I started writing articles for magazines from a corner of my bedroom using a manual typewriter in 1973. Thirteen years later, however, it became necessary for me to take a full-time job. I’d just spent 5 years researching and writing a comprehensive local history book and self-publishing it. So funds were low and my lifestyle was in transition.

How I missed writing. While I had a good job with lovely people around me, I hated working for someone else—on someone else’s agenda. And it looked as if this would be my future. I became despondent. That’s when I realized that I had to find a way to write no matter what else was going on in my life.

I started getting up at 4 every morning and writing before I went to work. Then I would write on weekends. I completed an entire book in 8 months on that schedule. I can’t even begin to describe how happy and fulfilled I felt. But I wanted more. I wanted to come home and establish a writing business that supported me spiritually as well as financially. So I began using that time in the wee hours of the morning to submit articles to magazines—remember, this was before the ease of the Internet.

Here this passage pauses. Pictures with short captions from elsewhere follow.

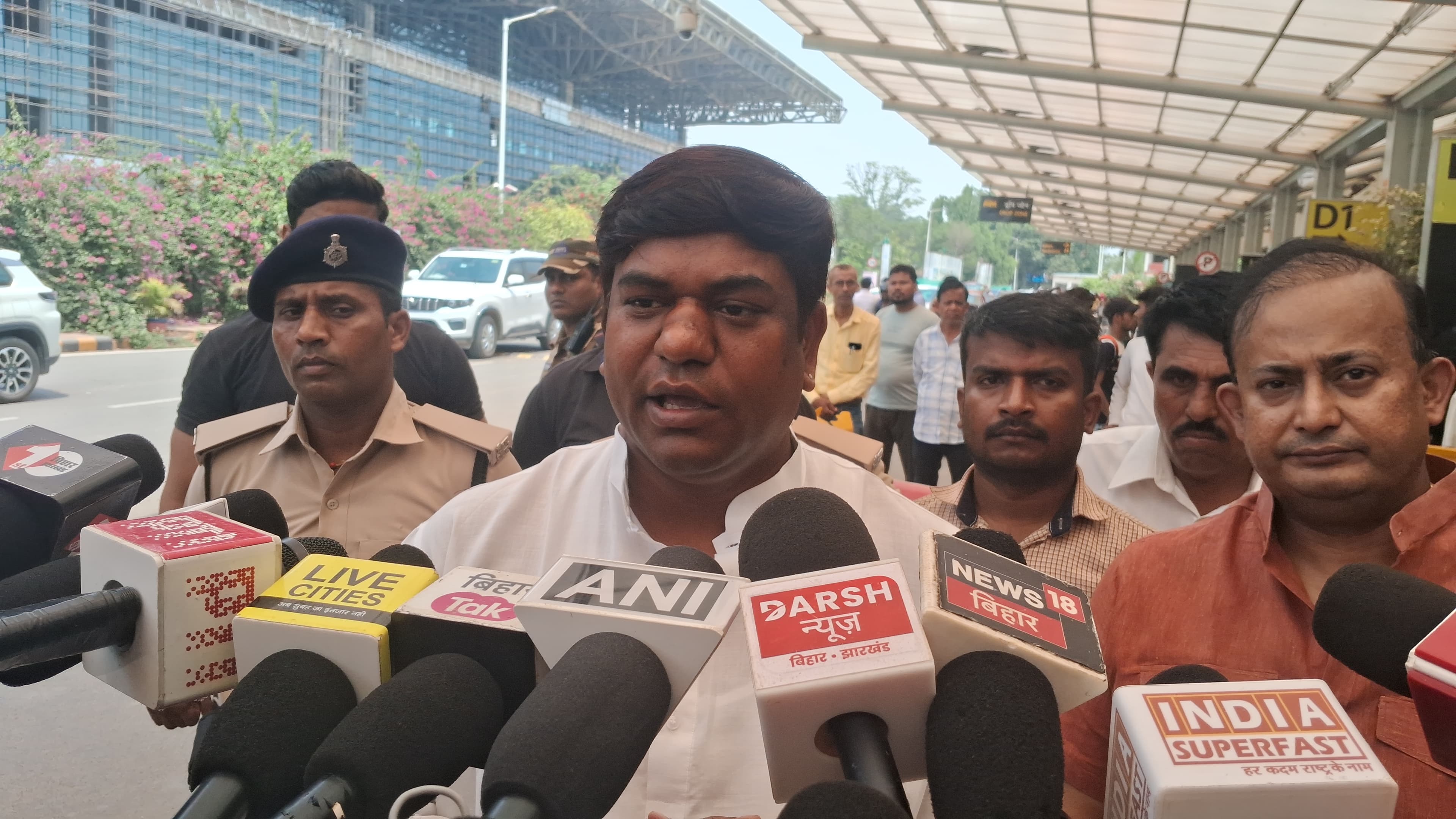 VIP सुप्रीमो मुकेश सहनी का बयान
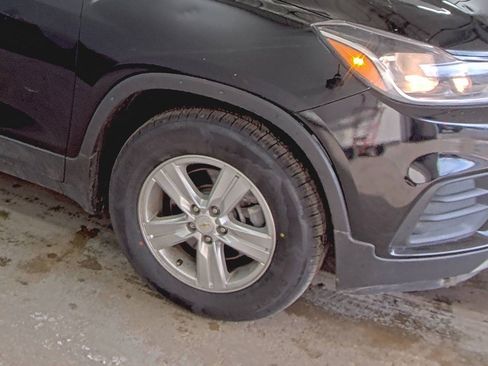 Used 2021 Chevrolet Trax LS w/ Tint and Cruise Package image 11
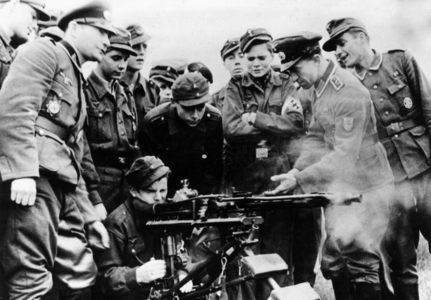 Training of HJ members at a machine gun, 1944 (b/w photo)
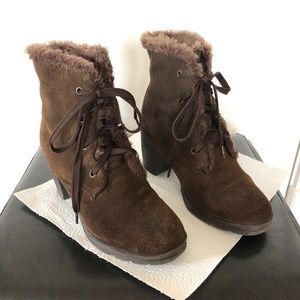 Cougar brown suede faux fur ankle boots, size 7M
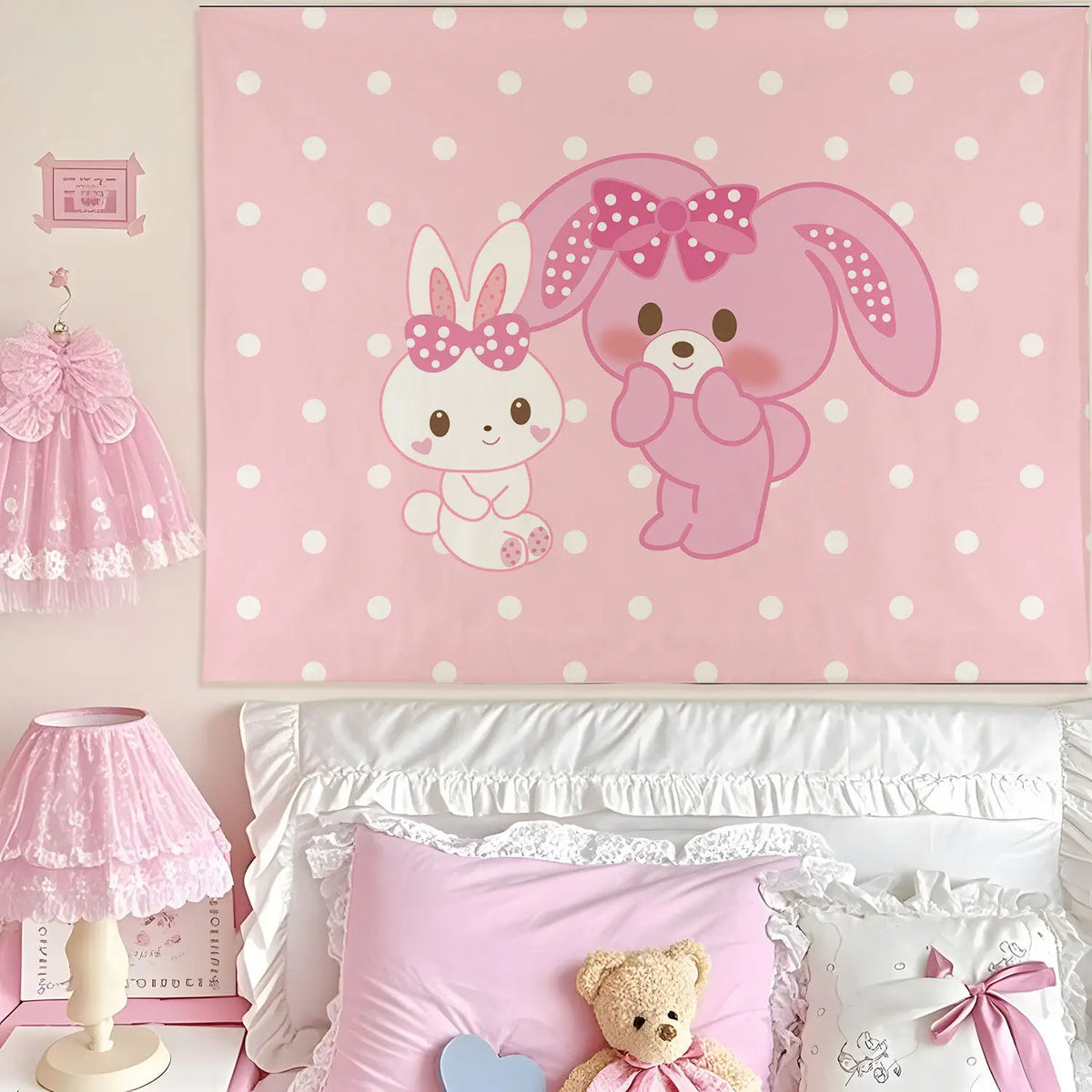 tapisserie kawaii enfantine motif pois blancs fond rose personnage animal cupcakes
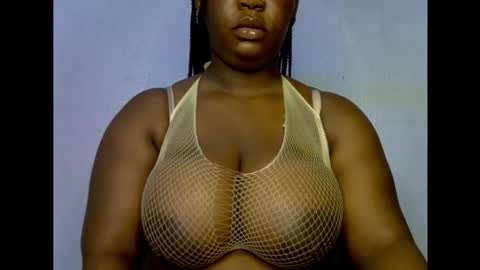 Snapshot of ebony_plumx12 chatting on 27, 10, 2025 Prisy online show from 27, 10, 2025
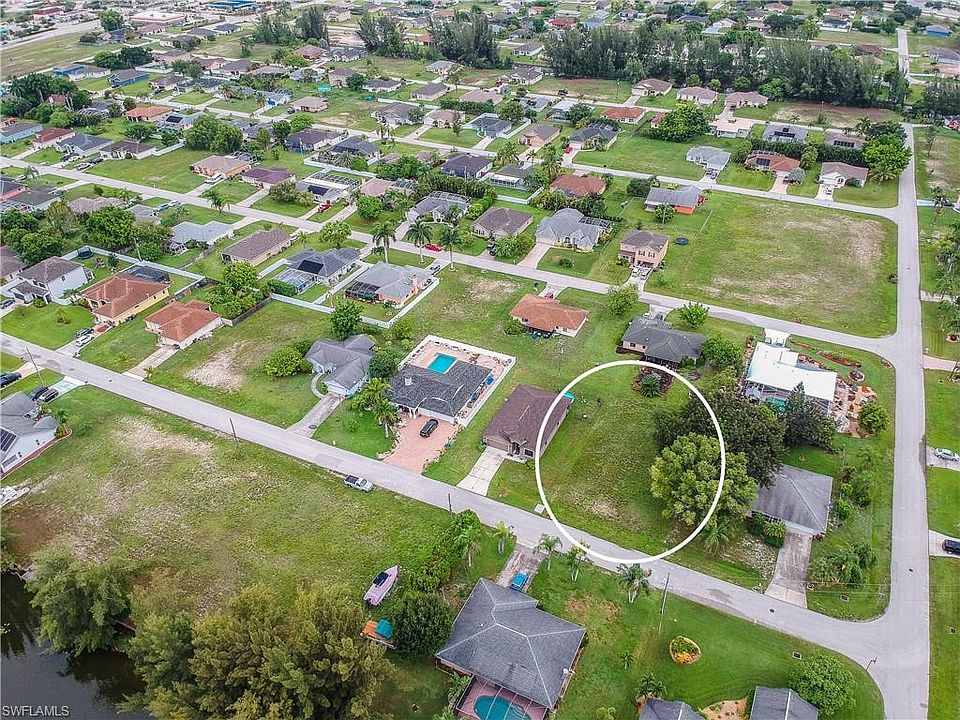 1st image of 511 SW 28th Pl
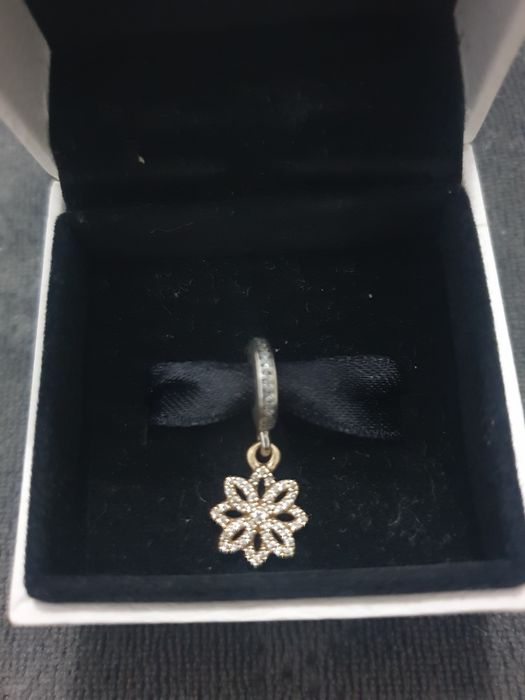 Wisząca zawieszka Lace Botanique ze złotem 14K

Within a year, I was able to quit my job and come home to write. And I’ve never looked back.

6: Write what they want. You have to go where the paying work is and accept the jobs that are available. While I never compromised my values in order to get paying work, I have certainly had to take some challenging and sometimes not very interesting jobs in order to keep the flow of money coming my way.

I’ve seen too many writers so bent on making their own personal statement or doing things their way that they get nowhere in this business. If you want to make a living or even earn some part-time money as a writer, you have to go where the work is and write what is needed/wanted. Write about things that are current, popular or even a bit provocative or controversial.

It takes more to become a full-time writer than just dreaming about it. If writing full-time is your dream, read and reread the six points I’ve offered and use them to finally fulfill your passion.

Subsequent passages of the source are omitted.